JoshData / pdf-diff

A PDF comparison utility in Python.

Geek Repo:Geek Repo

Github PK Tool:Github PK Tool

lxml error

pimpampoum opened this issue · comments

Hello,

I got this error using your pdf-diff.py : any idea ?
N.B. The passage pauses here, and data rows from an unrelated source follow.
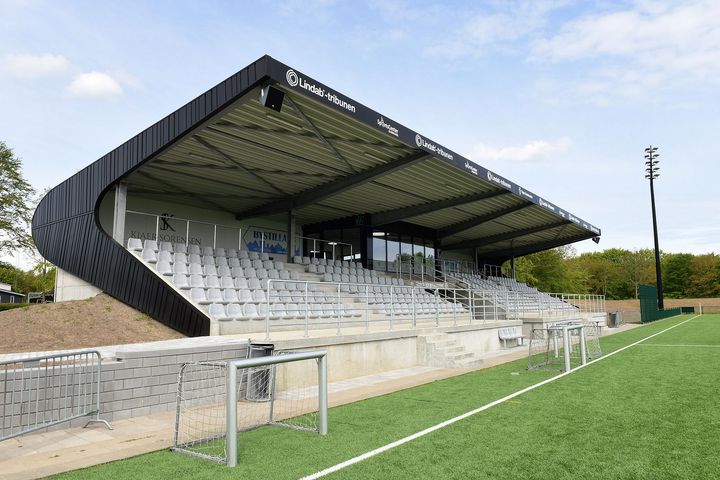Lindab-tribunen på Vejen Stadion er et showroom for de mere end 3.000 daglige besøgende. Tribunen viser nogle af de mange muligheder Lindab har som stålplader, stållægter, sandwichpaneler og porte.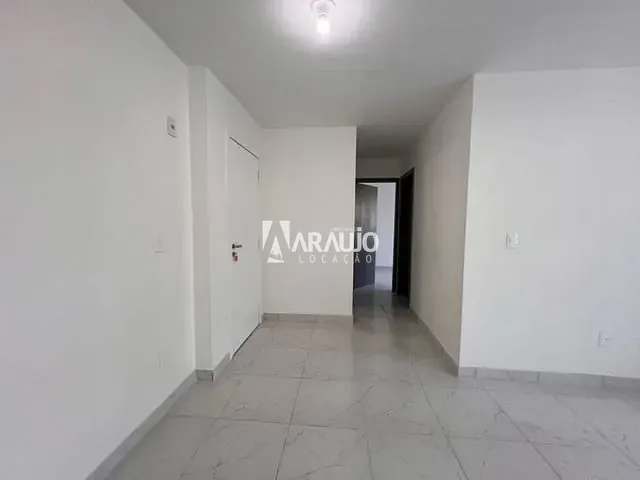 Apartamento 2 quartos e 1 banheiro, para alugar, no bairro Espinheiros em Itajaí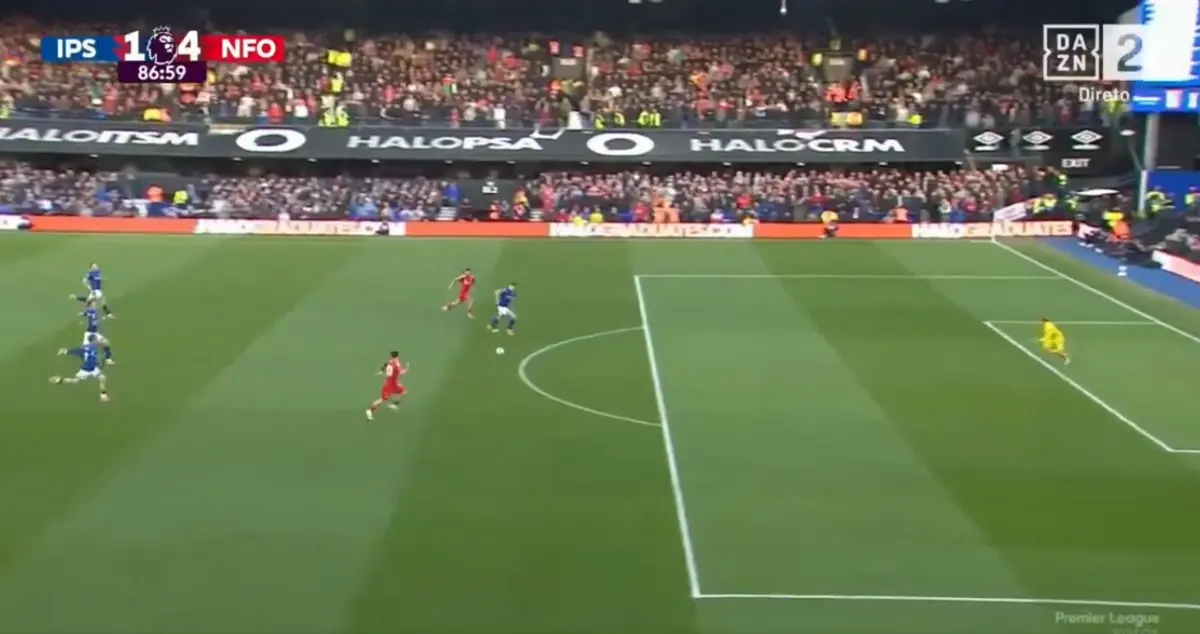 Imagem de contexto do artigo Jota Silva marca em vitória do Nottingham Forest frente ao Ipswich: ora veja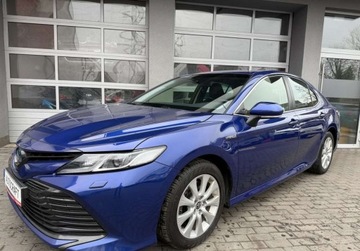 Toyota Camry IX Sedan 2.5 Hybrid Dynamic Force 218KM 2020 Toyota Camry Salon Polska, Serwis ASO, Gwarancja 2.5 Hybryda 218KM, zdjęcie 3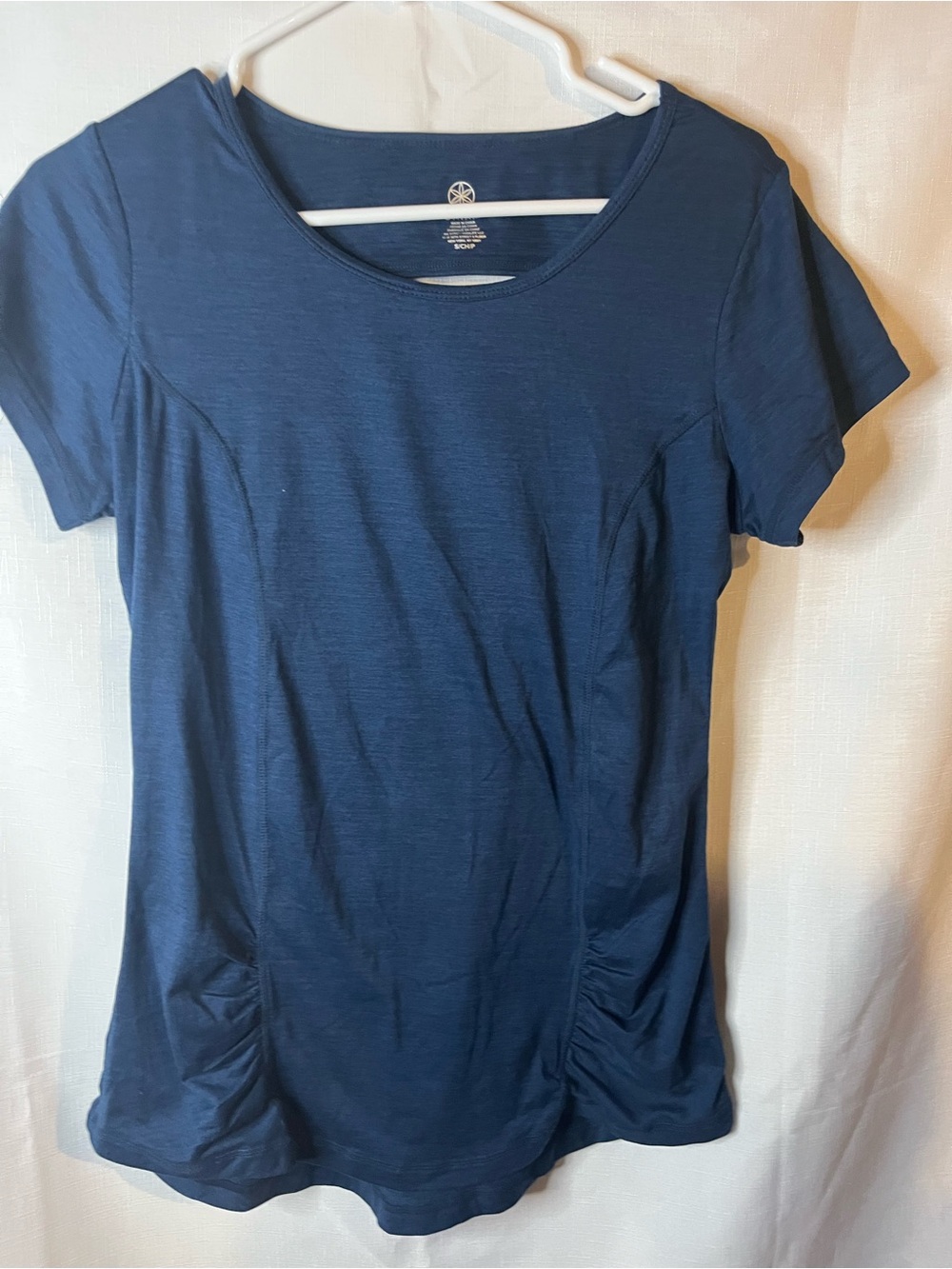 GAIAM Navy Short-Sleeve Scoop Neck Tee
$ ../VISA_III/pdf-diff.py ../VISA_III/visa_iii.pdf ../VISA_III/visa_iii_old.pdf > diff_visa_iii_iv.png
Traceback (most recent call last):
File "../VISA_III/pdf-diff.py", line 456, in
changes = compute_changes(left_file, right_file, top_margin=top_margin)
File "../VISA_III/pdf-diff.py", line 9, in compute_changes
docs = [serialize_pdf(0, pdf_fn_1, top_margin), serialize_pdf(1, pdf_fn_2, top_margin)]
File "../VISA_III/pdf-diff.py", line 24, in serialize_pdf
for run in box_generator:
File "../VISA_III/pdf-diff.py", line 84, in mark_eol_hyphens
for next_box in boxes:
File "../VISA_III/pdf-diff.py", line 57, in pdf_to_bboxes
dom = etree.fromstring(xml)
File "src/lxml/lxml.etree.pyx", line 3213, in lxml.etree.fromstring (src/lxml/lxml.etree.c:82934)
File "src/lxml/parser.pxi", line 1819, in lxml.etree._parseMemoryDocument (src/lxml/lxml.etree.c:124533)
File "src/lxml/parser.pxi", line 1707, in lxml.etree._parseDoc (src/lxml/lxml.etree.c:123074)
File "src/lxml/parser.pxi", line 1079, in lxml.etree._BaseParser._parseDoc (src/lxml/lxml.etree.c:117114)
File "src/lxml/parser.pxi", line 573, in lxml.etree._ParserContext._handleParseResultDoc (src/lxml/lxml.etree.c:110510)
File "src/lxml/parser.pxi", line 683, in lxml.etree._handleParseResult (src/lxml/lxml.etree.c:112276)
File "src/lxml/parser.pxi", line 613, in lxml.etree._raiseParseError (src/lxml/lxml.etree.c:111124)
lxml.etree.XMLSyntaxError: PCDATA invalid Char value 7, line 10432, column 81

Looks like a character encoding issue, either because pdftotext and subprocess.check_output aren't using the same encoding or etree.fromstring isn't quite the right way to load XML.

Thanks.
Well, I'm affraid you're right. There are plenty of maths formulas that pdftotext can't deal with.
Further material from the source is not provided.